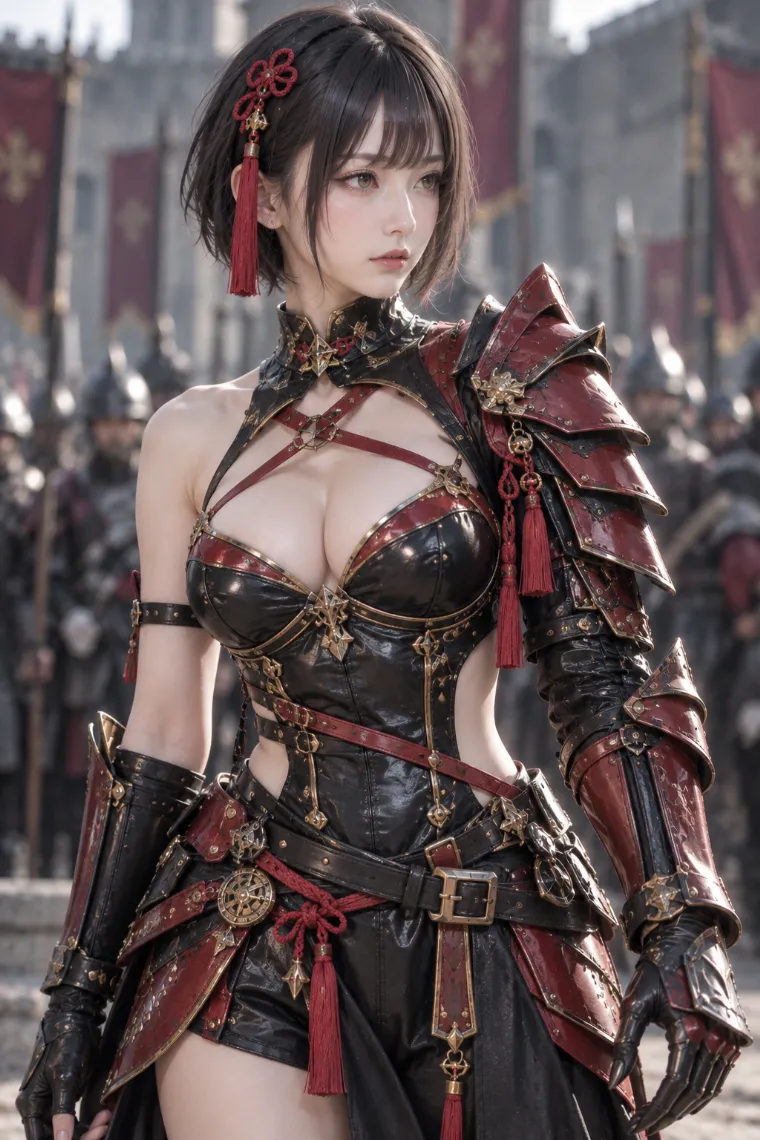 実写AI版|ブラックとクリムゾンのインナースーツに左側重装甲と左右非対称の脚甲を合わせた騎士コーデ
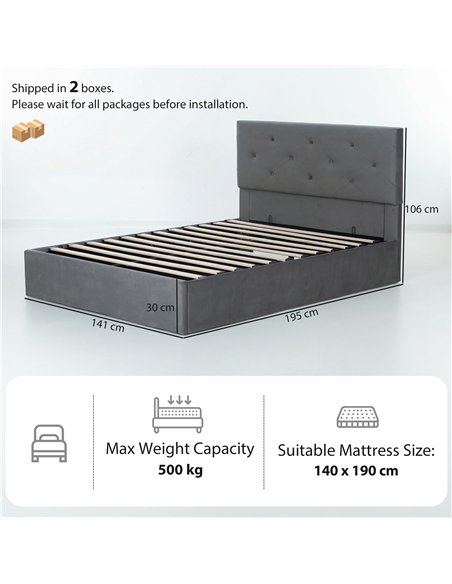 HOMCOM Double Bed Frame Gas End Lift Under Bed Storage Upholstered Platform Bed Tufted Headboard for 140 x 190 cm Mattress - pic 193956 | FastDaddyshop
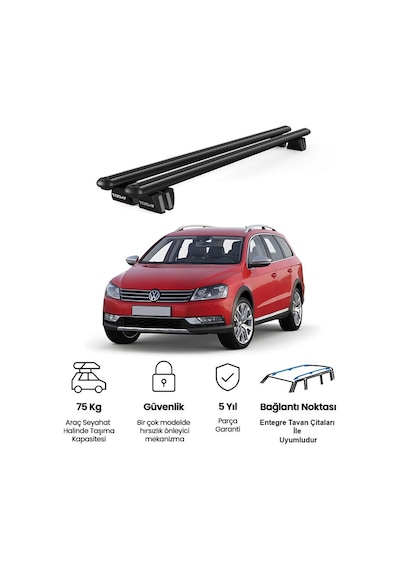 Pençe Volkswagen Passat Alltrack B7 2008 Ve Sonrası Uyumlu Siyah Ara Atkı Port Bagaj Tavan Barı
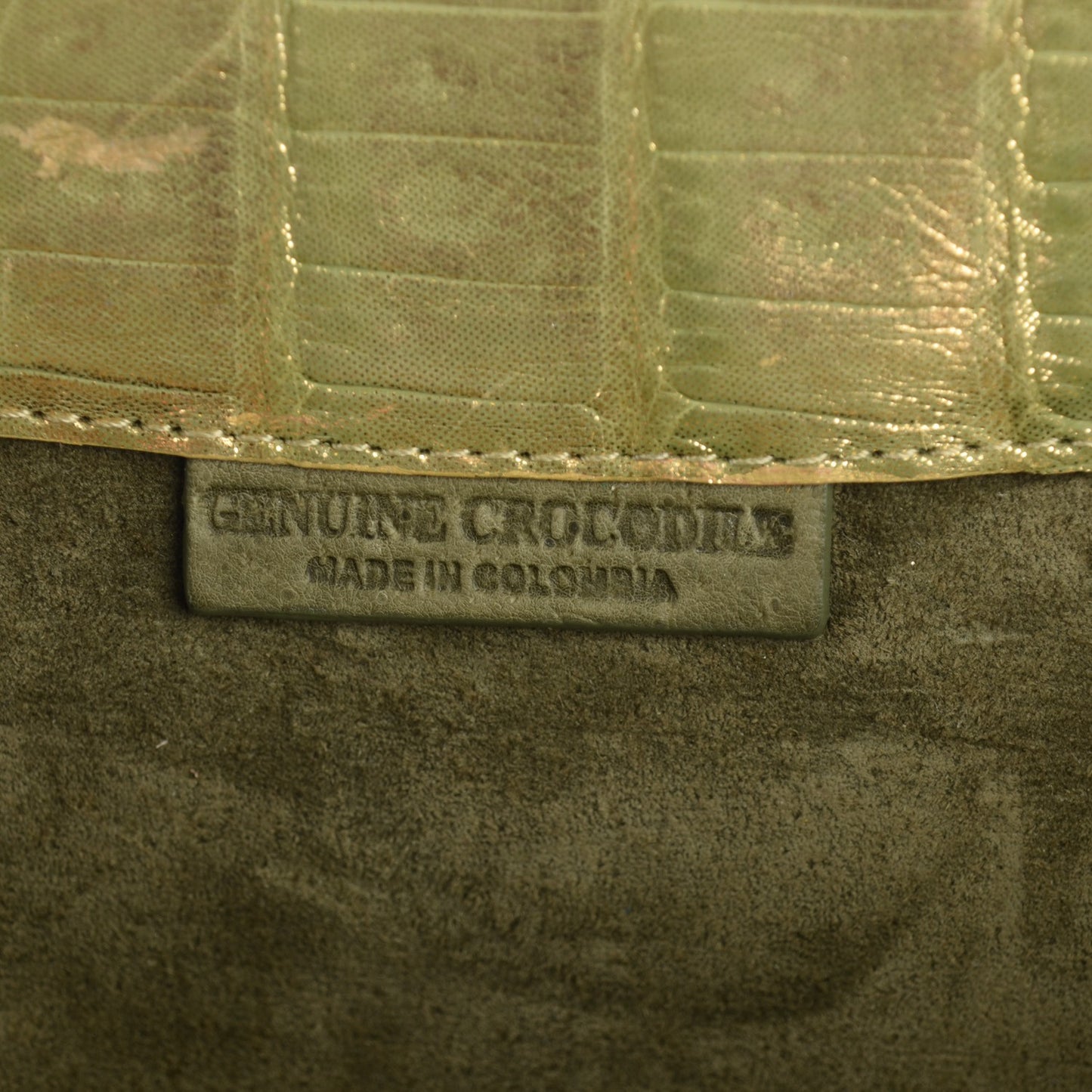 Metallic Crocodile Trapezoid Clutch Green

* Work request:
Reproduce the data word for word; no pictures.

* Response area:
 実写AI版|ブラックとクリムゾンのインナースーツに左側重装甲と左右非対称の脚甲を合わせた騎士コーデ
 HOMCOM Double Bed Frame Gas End Lift Under Bed Storage Upholstered Platform Bed Tufted Headboard for 140 x 190 cm Mattress - pic 193956 | FastDaddyshop
 Pençe Volkswagen Passat Alltrack B7 2008 Ve Sonrası Uyumlu Siyah Ara Atkı Port Bagaj Tavan Barı
 Metallic Crocodile Trapezoid Clutch Green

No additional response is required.